Manage libraries for Apache Spark pools in Azure Synapse Analytics
After you identify the Scala, Java, R (Preview), or Python packages that you would like to use or update for your Spark application, you can install or remove them from a Spark pool. Pool-level libraries are available to all notebooks and jobs running on the pool.
There are two primary ways to install a library on a Spark pool:
- Install a workspace library that's been uploaded as a workspace package.
- To update Python libraries, provide a requirements.txt or Conda environment.yml environment specification file to install packages from repositories like PyPI or Conda-Forge. For more information, see the Environment specification formats section.
After the changes are saved, a Spark job runs the installation and caches the resulting environment for later reuse.
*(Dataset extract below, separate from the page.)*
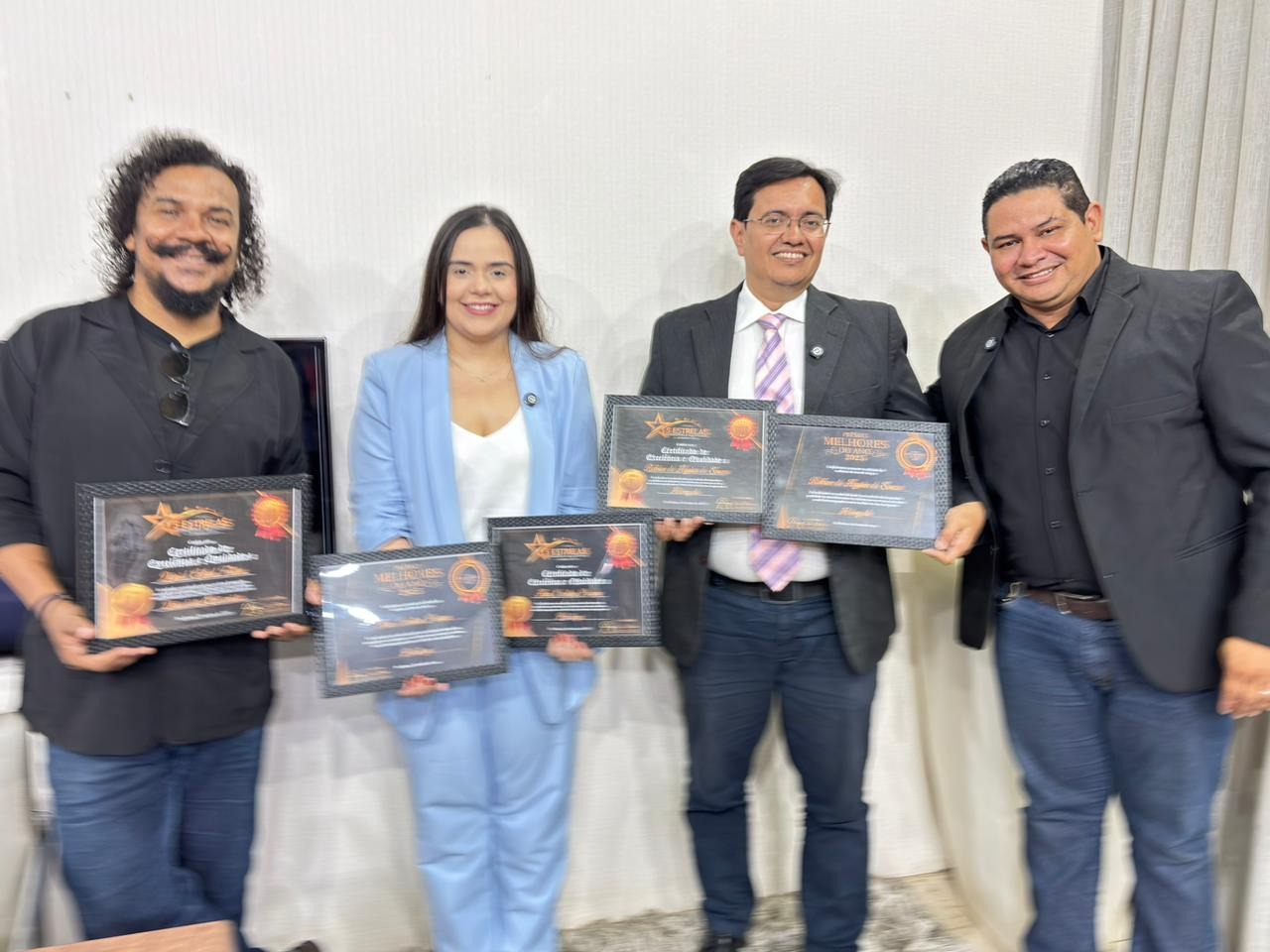 Equipe do programa Acreconnection, da TV Rio Branco, recebe o Prêmio Cinco Estrelas 2025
Once the job is complete, new Spark jobs or notebook sessions use the updated pool libraries.
Important
- If the package you're installing is large or takes a long time to install, the Spark instance startup time is affected.
- Altering the PySpark, Python, Scala/Java, .NET, R, or Spark version isn't supported.
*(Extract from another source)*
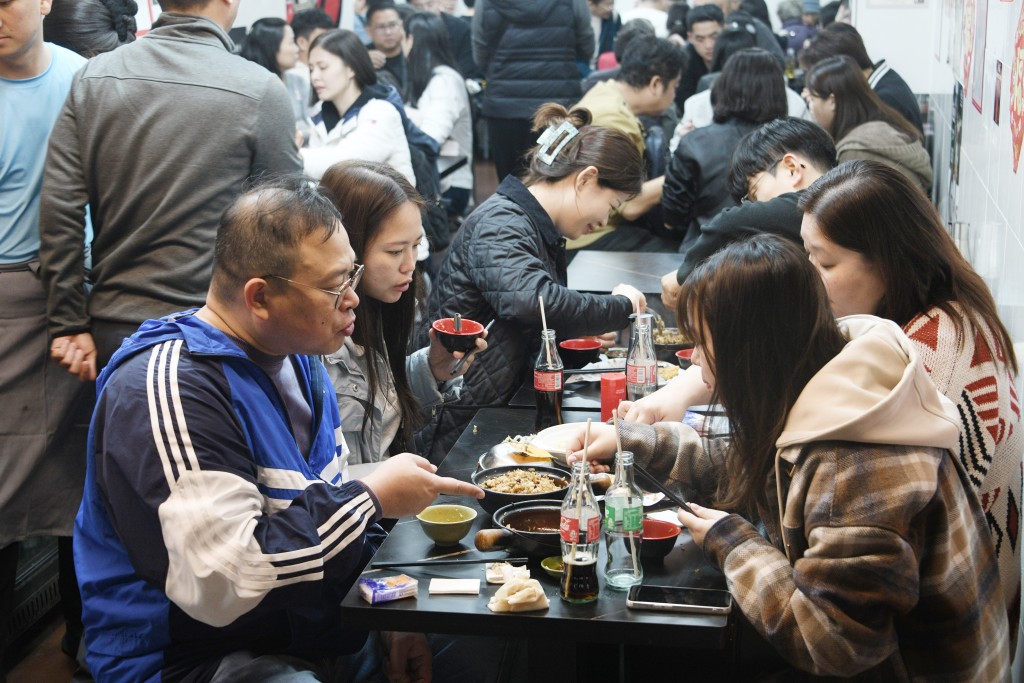 天文台氣溫於12月20日早上下降至全月最低的11.9°C。資料圖片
- Installing packages from external repositories like PyPI, Conda-Forge, or the default Conda channels isn't supported within data exfiltration protection enabled workspaces.
Manage packages from Synapse Studio or Azure portal
Spark pool libraries can be managed either from Synapse Studio or the Azure portal.
In the Azure portal, navigate to your Azure Synapse Analytics workspace.
From the Analytics pools section, select the Apache Spark pools tab and select a Spark pool from the list.
Select the Packages from the Settings section of the Spark pool.
For Python feed libraries, upload the environment configuration file using the file selector in the Packages section of the page.
You can also select additional workspace packages to add Jar, Wheel, or Tar.gz files to your pool.
You can also remove deprecated packages from Workspace packages section, then your pool no longer attaches these packages.
After you save your changes, a system job is triggered to install and cache the specified libraries. This process helps reduce overall session startup time.
After the job successfully completes, all new sessions pick up the updated pool libraries.
Important
By selecting the option to Force new settings, you're ending all current sessions for the selected Spark pool. Once the sessions are ended, you must wait for the pool to restart.
If this setting is unchecked, then you need to wait for the current Spark session to end or stop it manually. After the session ends, you need to let the pool restart.
Track installation progress
A system reserved Spark job is initiated each time a pool is updated with a new set of libraries. This Spark job helps monitor the status of the library installation. If the installation fails due to library conflicts or other issues, the Spark pool reverts to its previous or default state.
In addition, users can inspect the installation logs to identify dependency conflicts or see which libraries were installed during the pool update.
To view these logs:
In Synapse Studio, navigate to the Spark applications list in the Monitor tab.
Select the system Spark application job that corresponds to your pool update. These system jobs run under the SystemReservedJob-LibraryManagement title.
Switch to view the driver and stdout logs.
The results contain the logs related to the installation of your dependencies.
Environment specification formats
PIP requirements.txt
A requirements.txt file (output from the pip freeze
command) can be used to upgrade the environment. When a pool is updated, the packages listed in this file are downloaded from PyPI. The full dependencies are then cached and saved for later reuse of the pool.
The following snippet shows the format for the requirements file. The PyPI package name is listed along with an exact version. This file follows the format described in the pip freeze reference documentation.
This example pins a specific version.
absl-py==0.7.0
adal==1.2.1
alabaster==0.7.10
YML format
In addition, you can provide an environment.yml file to update the pool environment. The packages listed in this file are downloaded from the default Conda channels, Conda-Forge, and PyPI. You can specify other channels or remove the default channels by using the configuration options.
This example specifies the channels and Conda/PyPI dependencies.
name: stats2
channels:
- defaults
dependencies:
- bokeh
- numpy
- pip:
- matplotlib
- koalas==1.7.0
For details on creating an environment from this environment.yml file, see Activating an environment.